RAJIV KUMAR SINGH
ROLL-2013031
Definition of Z-Score:
A Z-Score is a statistical measurement of a score's relationship to the mean in a group of scores. A Z-score of 0 means the score is the same as the mean. A Z-score can also be positive or negative, indicating whether it is above or below the mean and by how many standard deviations.
Most statistical tests begin by identifying a null hypothesis. The null hypothesis for pattern analysis tools essentially states that there is no pattern; the expected pattern is one of hypothetical random chance. The Z Score is a test of statistical significance that helps you decide whether or not to reject the null hypothesis.
Z scores are measures of standard deviation. For example, if a tool returns a Z score of +2.5 it is interpreted as "+2.5 standard deviations away from the mean". Z score values are associated with a standard normal distribution. This distribution relates standard deviations with probabilities and allows significance and confidence to be attached to Z scores.
Very high or a very low Z scores are found in the tails of the normal distribution.
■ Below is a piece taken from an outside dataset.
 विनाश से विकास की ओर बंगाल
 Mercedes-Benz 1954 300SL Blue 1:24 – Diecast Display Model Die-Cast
From the graph above, it is evident that the probabilities in the tails of the distribution are very low. When you perform a feature pattern analysis and it yields either a very high or a very low Z Score, this indicates it is very UNLIKELY that the observed pattern is some version of the theoretical spatial pattern represented by your null hypothesis.
In order to reject or accept the null hypothesis, you must make a subjective judgment regarding the degree of risk you are willing to accept for being wrong. This degree of risk is often given in terms of critical values and/or confidence level.
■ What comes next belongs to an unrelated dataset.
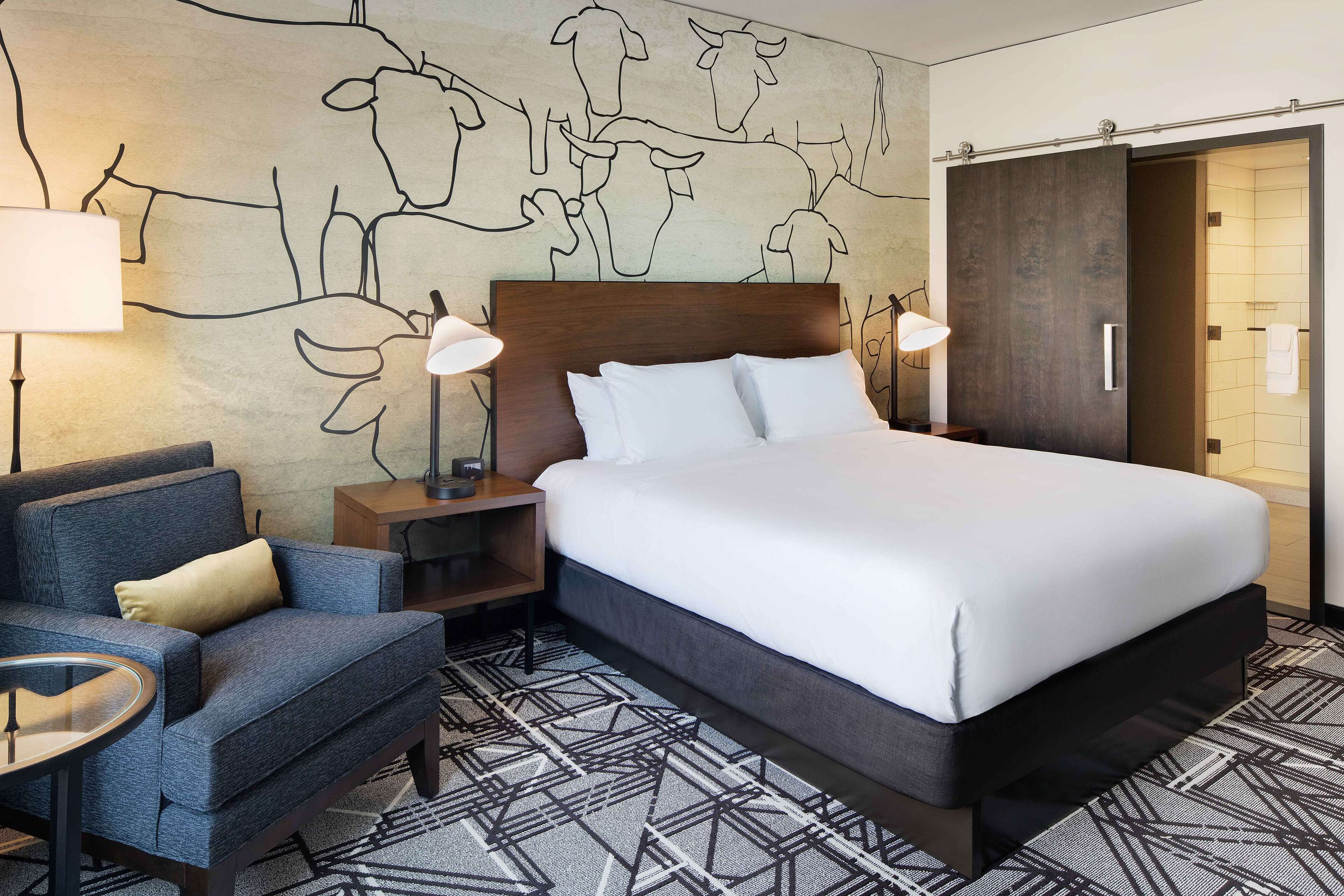 Room, 1 King Bed, Accessible, Non Smoking (Roll-in Shower)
To give an example: the critical Z score values when using a 95% confidence level are -1.96 and +1.96 standard deviations. If your Z score is between -1.96 and +1.96 you cannot reject your null hypothsis; the pattern exhibited is a pattern that could very likely be one version of a random pattern. If the Z score falls outside that range(for example -2.5 or +5.4), the pattern exhibited is probably too unusual to be just another version of random chance. If this is the case, it is possible to reject the null hypothesis and proceed with figuring out what might be causing either the statistically significant clustered or statistically significant dispersed pattern.